Tether'in borsa dışı bırakılması, Avrupa pazarında önemli bir kesintiye neden oldu ve AB sakinlerinin stablecoin'e erişimini azalttı. Tether, AB'yi "aceleci davranmakla" ve "kaotik bir pazar yaratmakla" suçlayarak yanıt verdi, ancak MiCA yıllardır geliştiriliyor ve Avrupa Menkul Kıymetler ve Pazar Otoritesi (ESMA), borsaları geçen yazdan beri uyardı. MiCA kapsamında faaliyet göstermeleri onaylanan on stablecoin ihraççısı var, ancak Tether bunlar arasında yer almıyor.
Amerika Birleşik Devletleri daha dostane olacak mı?
AB, Tether'in düzenleyici zorluklarla karşılaştığı tek bölge değil. Son zamanlarda, ABD Senatosu Bankacılık Komitesi, ödeme odaklı stabil coinler için bir yasa olan GENIUS Yasası'nı Senato'ya sunmak üzere oy kullandı. Bu yasa, piyasa değeri 10 milyar doların üzerinde olan ABD doları cinsinden değerlenen stabil coin ihraççılarını ABD federal düzenlemeleri kapsamına alacak. Tether gibi yabancı stabil coin ihraççıları, yerel ihraççılara kıyasla rezerv, likidite ve kara para aklamaya karşı daha sıkı gerekliliklerle karşılaşacaklar.
Sadece iki ihraççı, federal düzenlemelere tabi olmak için piyasa değeri gereksinimlerini karşılıyor — Tether ve Circle. İkinci ihraççı, ABD merkezli bir ihraççı, yasaların gerekliliklerine uymayı taahhüt ettiğini bildirdi. Ancak, El Salvador merkezli olan Tether'in ABD'de resmi bir varlığı yok ve bu yeni standartları karşılamakta zorluk çekebilir. Bu durum, Tether'in ABD'deki düzenlemelere daha fazla tabi olmasına neden oluyor.

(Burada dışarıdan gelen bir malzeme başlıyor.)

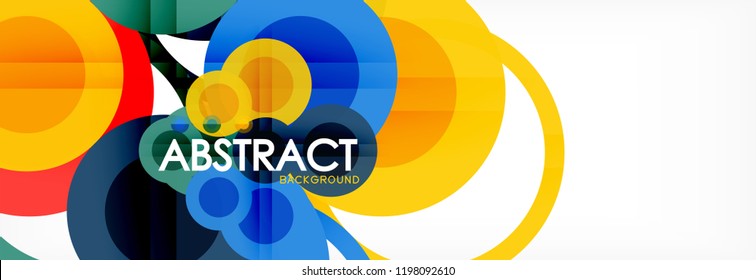 Abstract colorful geometric composition - multicolored circle background, vector illustration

Rakipler aceleyle boşluğu dolduruyor.
Tether, artan düzenleyici zorluklarla karşılaştığında, rakipler bu fırsatı değerlendirmeye başladı. Yeni ortaya çıkan rakipler arasında, Tether'in kurucu ortağı Reeve Collins yer alıyor; kendisi yakın zamanda, gerçek dünya varlıklarıyla desteklenen bir kâr getiren stabilcoin türü olan Pi Protocol'ü tanıttı.
Pi Protocol, 2025 yılında Ethereum ve Solana blockchain'inde piyasaya sürmeyi hedefliyor. Pi Protocol, MiCA'nın düzenlemelerine tam olarak uymasa da, kârlılık yapısı birçok avantaj sunuyor, özellikle de SEC'in Şubat ayında kârlı stabil coinleri onayladığı Amerika Birleşik Devletleri pazarında.

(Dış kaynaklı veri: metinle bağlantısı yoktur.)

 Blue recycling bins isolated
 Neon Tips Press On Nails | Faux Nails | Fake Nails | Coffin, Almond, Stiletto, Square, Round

Collins' Pi Protocol gibi rakipler, Tether'in düzenleyici sorunlarını pazar payını ele geçirmek için bir fırsat olarak görebilir. Tether'in CEO'su Paolo Ardoino, bu yetenek konusunda kendine güven duyduğunu belirterek, birçok rakibin gerçek amacının "Tether'i öldürmek" olduğunu ifade etti.
Stablecoin fırtınası patlak verdi.
Tether, artan rekabet ve artan düzenleyici baskı karşısında varlığını sürdürebilir mi? Şu ana kadar, Tether, pazar payının önemli ölçüde baskın olması nedeniyle, piyasa değeri açısından stablecoin kategorisinde liderlik etmesiyle birlikte, 24 saatlik işlem hacmi bakımından da büyük bir marjla en az kesinti yaşadı.
Ancak, küresel düzenlemeler yetiştiğinde ve yeni oyuncular pazara girdiğinde, Tether'in önündeki zorlukları dikkatli bir şekilde yönetmesi gerekecek. Sonuç, küresel stablecoin pazarının parçalanması ve düzenlenmemiş ve düzenlenmiş seçenekler arasında bir ayrışma olabilir.
View Original
The content is for reference only, not a solicitation or offer. No investment, tax, or legal advice provided. See Disclaimer for more risks disclosure.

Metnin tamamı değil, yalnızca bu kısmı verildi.